Memory Problems and Trauma
Memories can be tricky. For example, in studies conducted by Cornell University, researchers found that children could perhaps be more reliable court witnesses because they gave more accurate recollections of what happened, whereas adults were more apt to recall the meaning of what happened. Apparently, people store two different types of memories in the brain: verbatim memories and gist traces of what happened. Gist traces recount only a person’s understanding of what happened or what the event’s meaning was, while verbatim memories are what occurred.
Memory research has shown that in times of trauma or extreme stress, the hippocampus may dysfunction, causing the details of an event to become distorted. On the other hand, the amygdala, a portion of the brain dealing with emotion, becomes overactive when stressed, giving memories of traumatic events more emotional weight when recalled later. The brain may also unconsciously repress the exact things that happened during an event and only retain the psychological association. Called repressed memories, this phenomenon is common in victims who experience a traumatic sexual abuse event at a young age.

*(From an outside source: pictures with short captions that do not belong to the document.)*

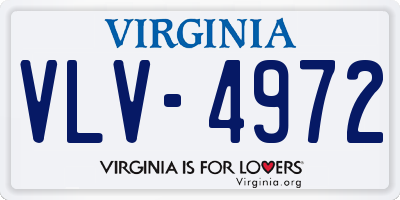 VA license plate VLV4972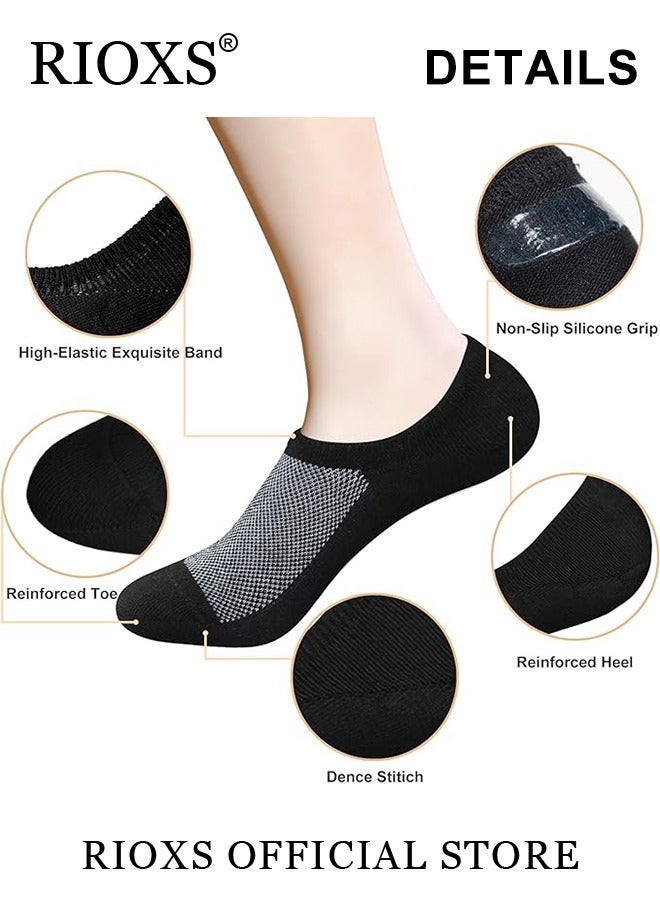 RIOXS Mens Shallow Cut Low Cut Elastic Sports Socks Set Skin Friendly Breathable Mesh Boat Socks Pack of 6  - Image 5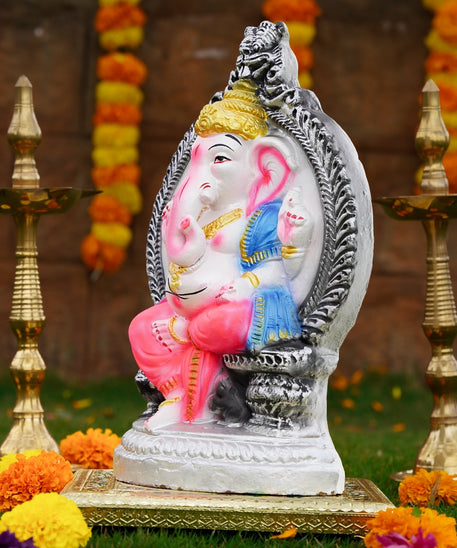 Eco Friendly clay Ganesha in Sinhasana -1.2 Feet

Treating Trauma-Induced Addiction
It can be challenging to deal with the long-term effects of trauma, so self-medication is often a reality for victims of trauma. The problem is that developing a substance dependency will only prolong the problem and ultimately wind up doing more damage in the end. One conventional approach to treating trauma and addiction is through individual and group therapy and counseling. These sessions can help patients to understand and deal with the effects of trauma and develop a long-term plan to live a healthy, happier life.

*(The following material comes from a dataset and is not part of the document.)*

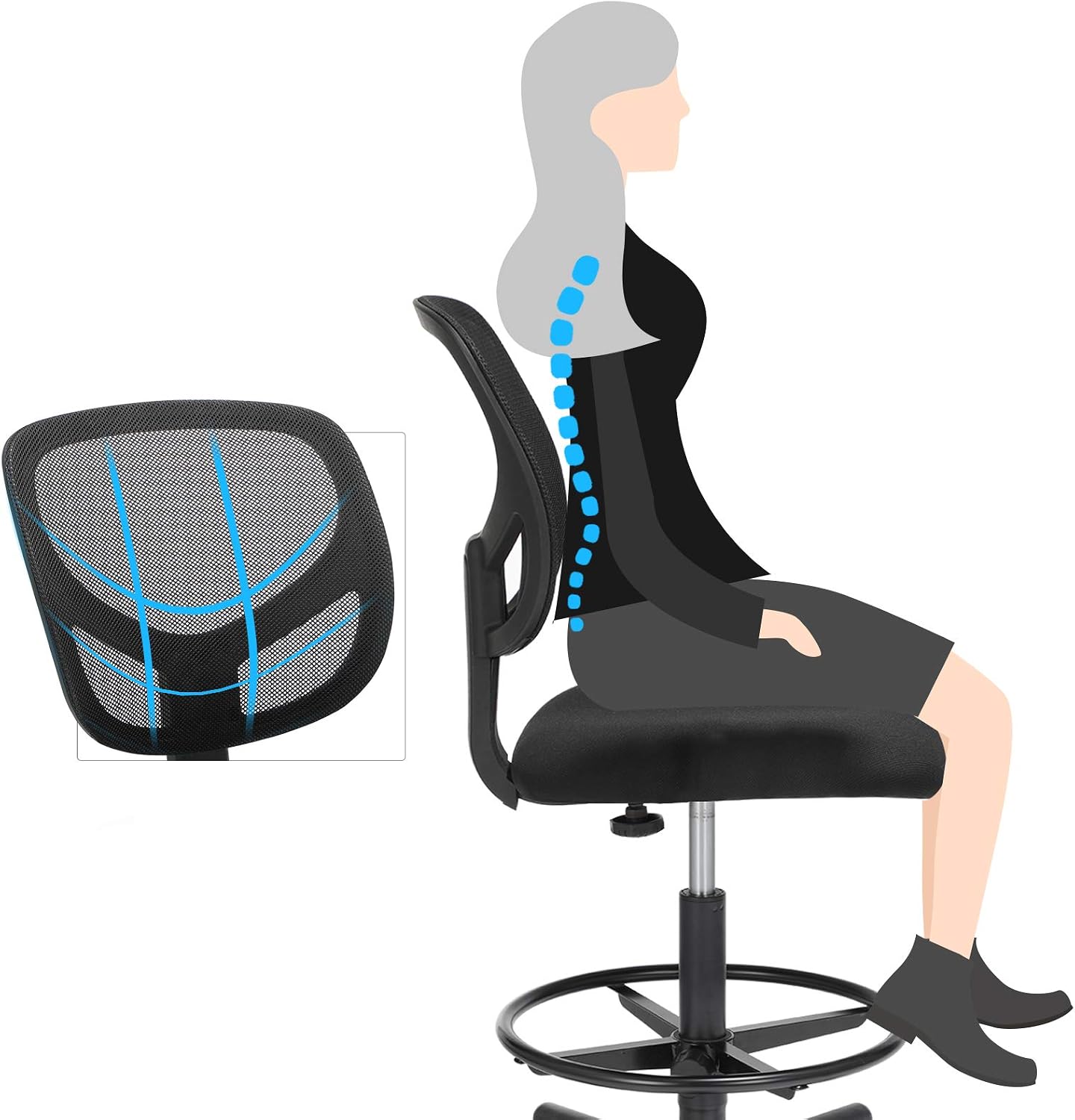Detalle 2 de SONGMICS OBN15BK Sedia a rete ergonomica 120 kg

Consider a scenario in which someone seeks help for addiction and repeatedly goes in and out of rehab. Then they arrive at the door of a counselor who asks questions that lead to the revelation of childhood trauma such as sexual abuse. The patient has always assumed that their problem was an addiction to drugs and alcohol, but the truth is that they have had an ongoing problem dealing with the effects of a traumatic event in their childhood that impaired the way their brain functions.

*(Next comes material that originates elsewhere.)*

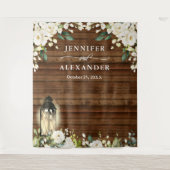 Witte Rozen Groene Huwelijksfotocabine Achtergrond Wandkleed (Voorkant)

These types of treatment are available at residential rehab and intensive outpatient treatment programs. These types of facilities offer a safe environment to share and discuss trauma, explore coping mechanisms, and learn from clinically trained professionals in the fields of addiction and trauma. From there, the patient can build strategies and skills to help cope with traumatic responses and associated addictive behaviors. Sufferers of both childhood trauma and addiction can find help in the form of support groups catering to addiction and child abuse and neglect.
In Conclusion
Treatment providers for both trauma-related symptoms and addiction can benefit from creating integrated therapy and counseling models that address both issues concurrently. Addiction treatment that is not informed by trauma risks harming the patient in the long run by wasting their time and money on a program that does not address a significant risk factor for relapse. Although many victims of trauma may resort to substance abuse as a means to cope with their affliction, this does mean they are forced to live a life of substance dependency. Anyone who finds themselves physically dependent on a substance to deal with the damage of a past or current traumatic event will be able to find an effective treatment in the form of residential treatment and intensive outpatient programs.